# [WHAT IS EXPECTED]
When you reach the line that contains "Salom specimen from Schriftlabor" below, transcribe it and each line after it word for word to the end of the records, omitting pictures.

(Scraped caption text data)
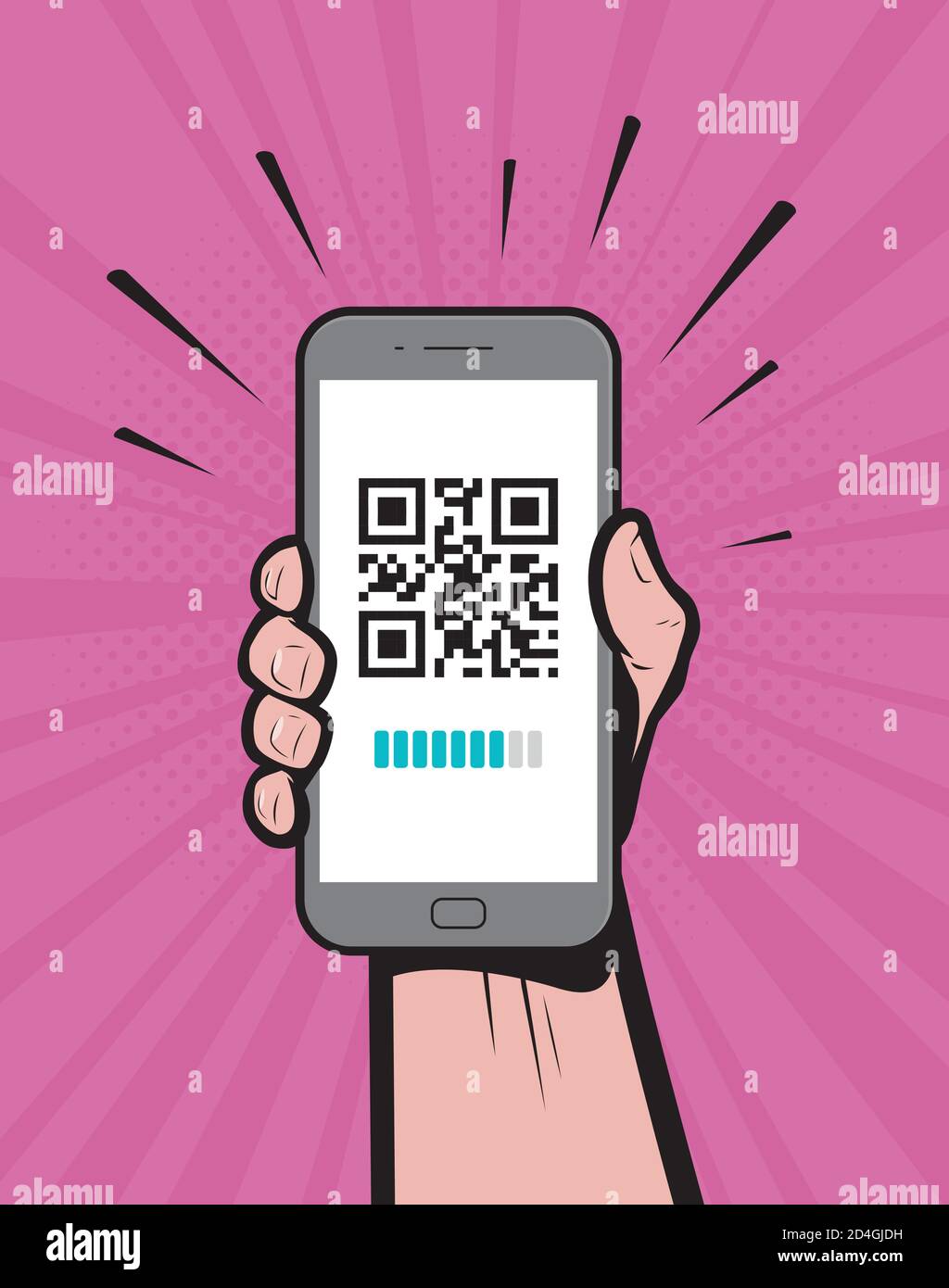 Hand holding a phone with qr code on the screen. Vector illustration Stock Vector
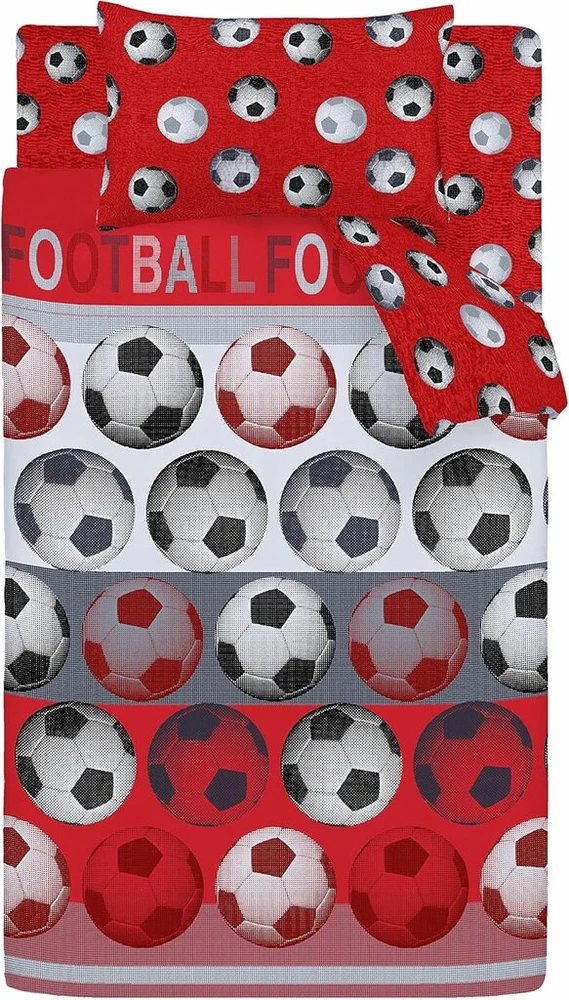 Patalynės komplektas Catherine Lansfield Football Raudona komplektas antklodei 160 x 200 + 50 x 80 cm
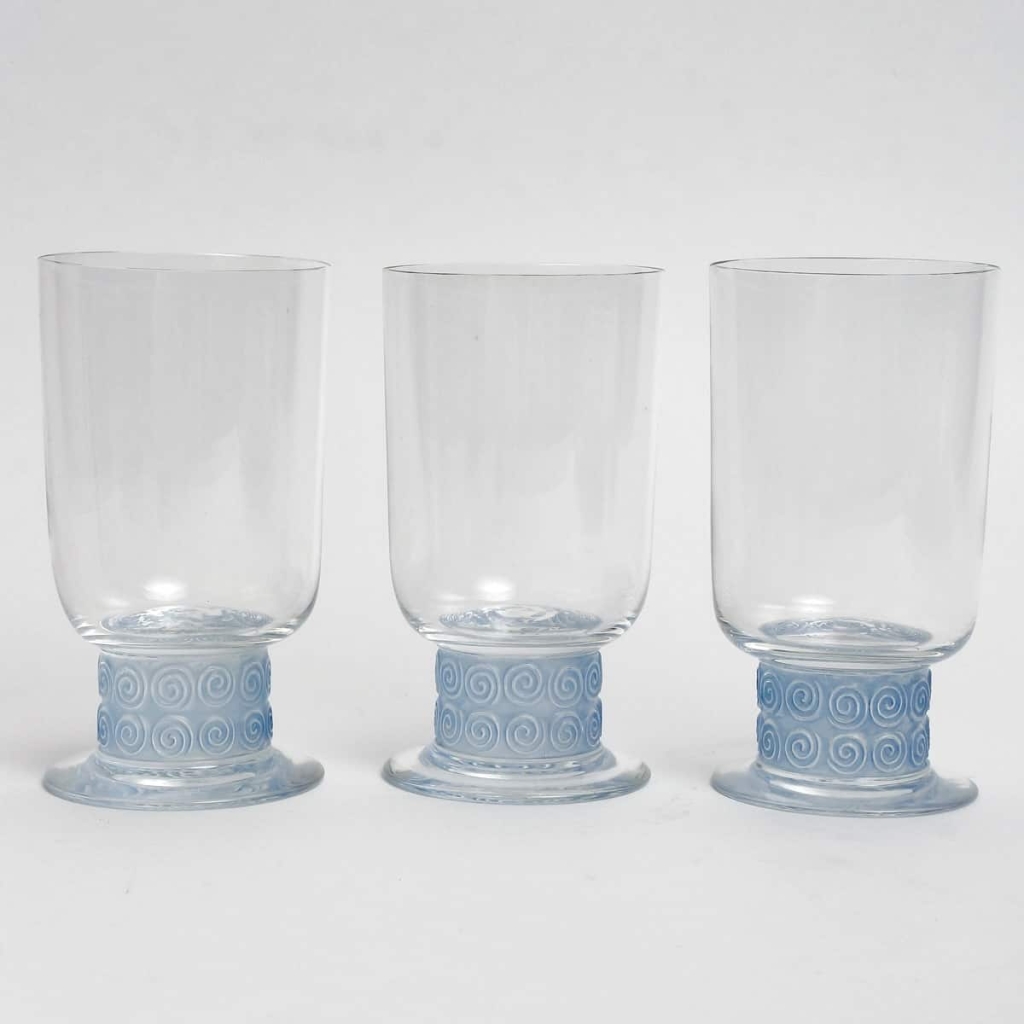 Suite de Trois Verres « Chinon » verre blanc patiné bleu de René LALIQUE | Biron ||||||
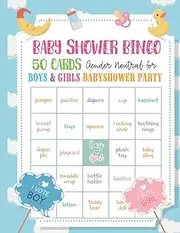 Baby Shower Bingo - 50 Cards - Gender Neutral for Boys & Girls: Printed Party Game and Activity, Fun, Unique, and Easy to Play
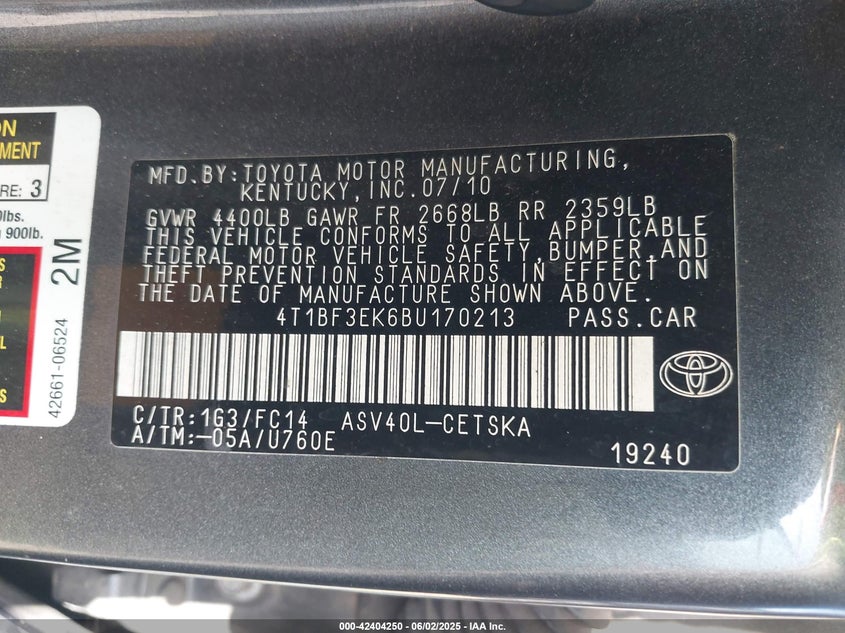 2011 TOYOTA CAMRY VIN: 4T1BF3EK6BU170213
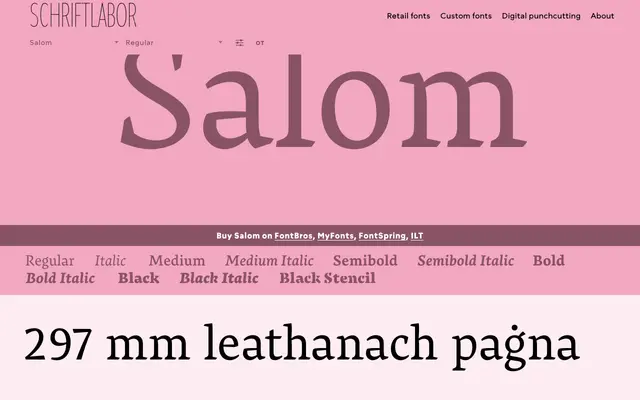 Salom specimen from Schriftlabor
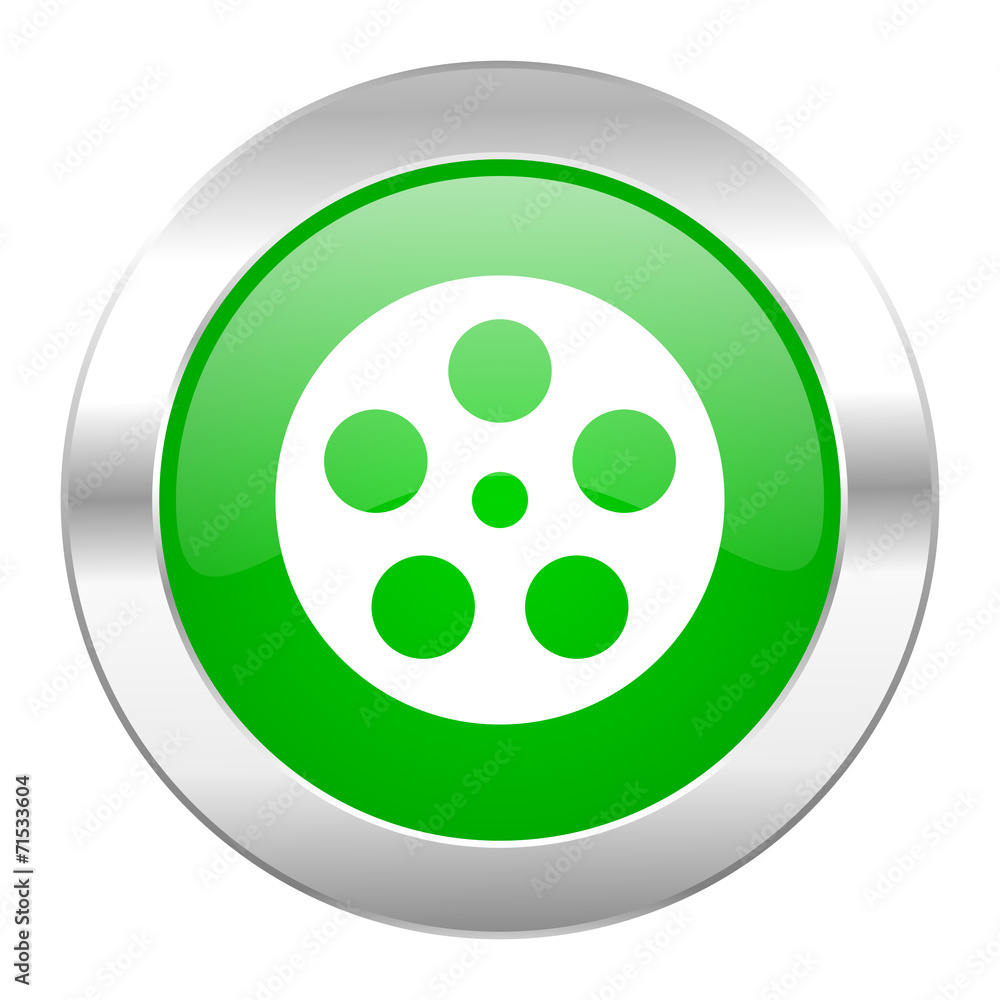 film green circle chrome web icon isolated
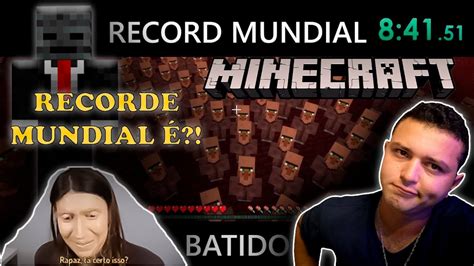 Reagindo Ao Grox Record Mundial Minecraft Speedrun Youtube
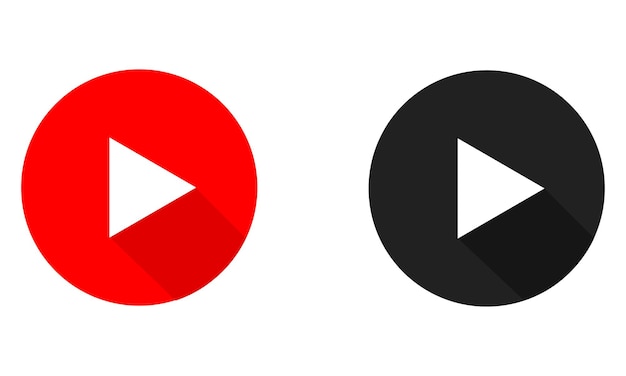 Vector play button vector flat icon video and audio symbol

# [REPLY]
 Salom specimen from Schriftlabor
 film green circle chrome web icon isolated
 Reagindo Ao Grox Record Mundial Minecraft Speedrun Youtube
 Vector play button vector flat icon video and audio symbol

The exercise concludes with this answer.